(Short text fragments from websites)
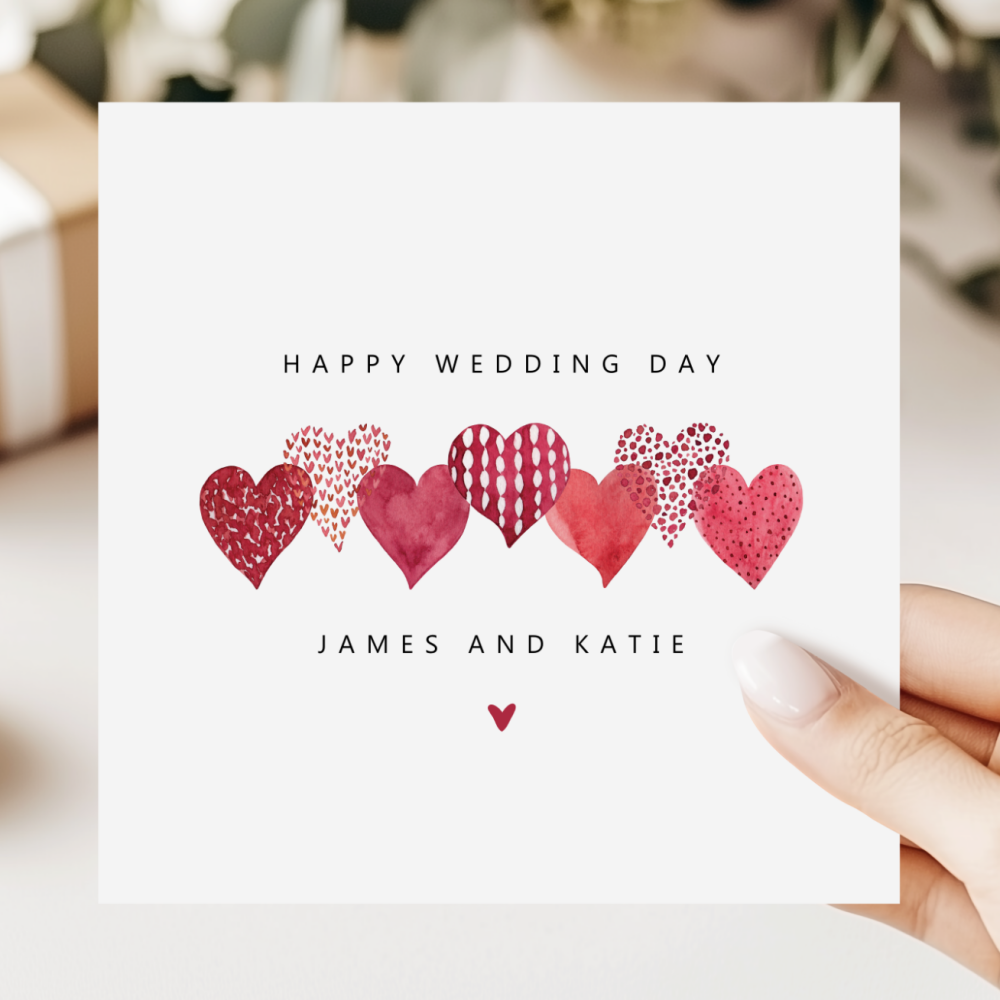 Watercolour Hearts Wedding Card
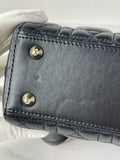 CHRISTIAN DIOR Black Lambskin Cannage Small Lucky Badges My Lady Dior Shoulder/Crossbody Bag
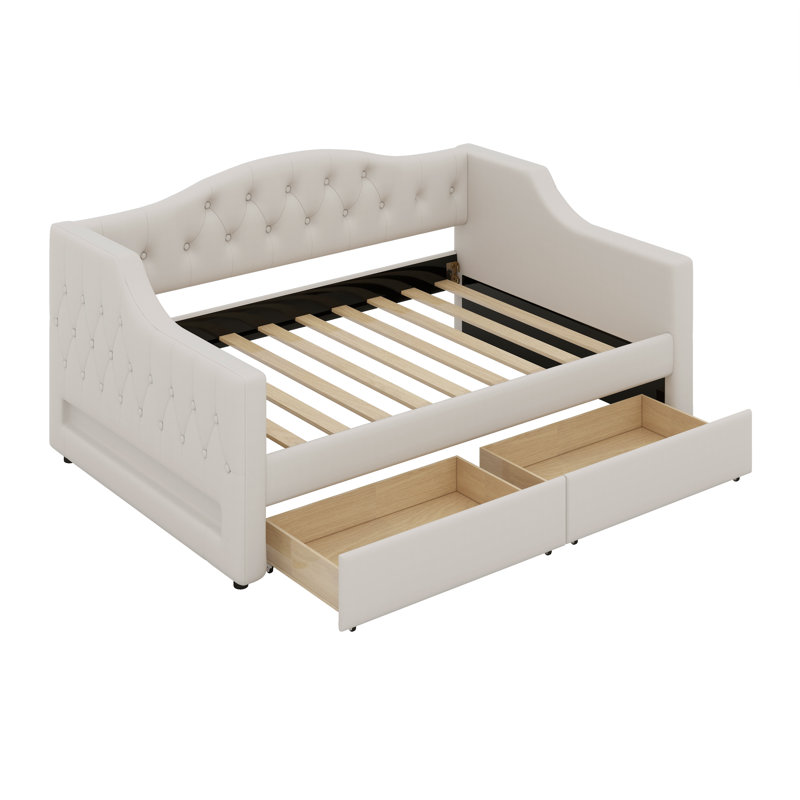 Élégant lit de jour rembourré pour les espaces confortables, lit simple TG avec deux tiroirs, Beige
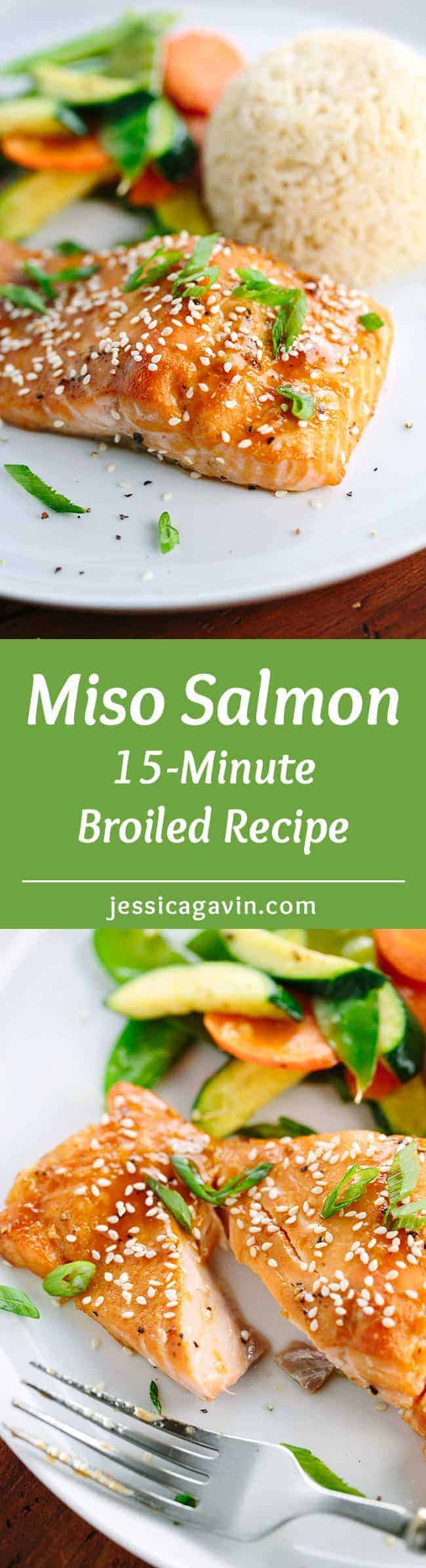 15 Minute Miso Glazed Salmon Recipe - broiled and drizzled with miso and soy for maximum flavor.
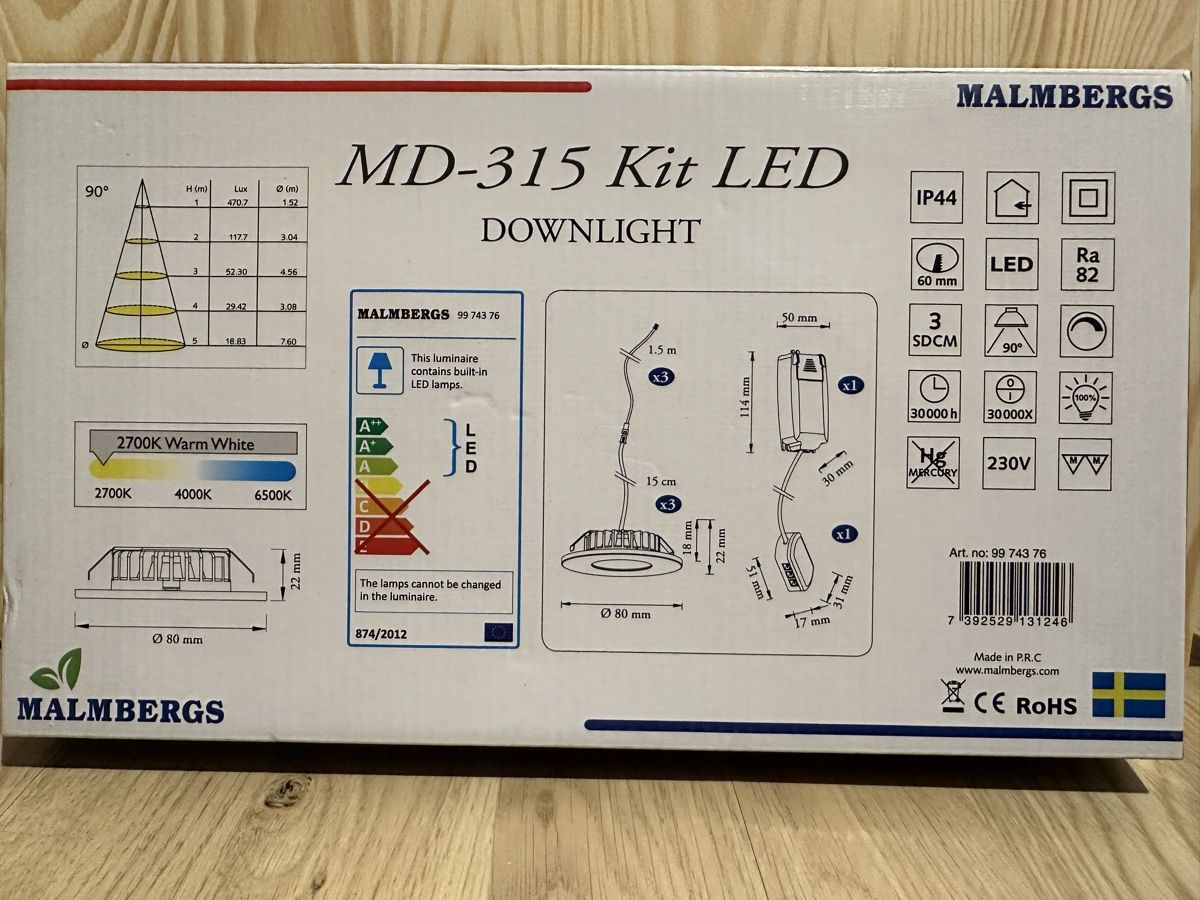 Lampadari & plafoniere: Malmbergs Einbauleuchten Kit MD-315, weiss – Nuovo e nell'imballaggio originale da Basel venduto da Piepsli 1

- _Required work_
Omit the pictures; set down each record exactly.

- _Result_
 Watercolour Hearts Wedding Card
 CHRISTIAN DIOR Black Lambskin Cannage Small Lucky Badges My Lady Dior Shoulder/Crossbody Bag
 Élégant lit de jour rembourré pour les espaces confortables, lit simple TG avec deux tiroirs, Beige
 15 Minute Miso Glazed Salmon Recipe - broiled and drizzled with miso and soy for maximum flavor.
 Lampadari & plafoniere: Malmbergs Einbauleuchten Kit MD-315, weiss – Nuovo e nell'imballaggio originale da Basel venduto da Piepsli 1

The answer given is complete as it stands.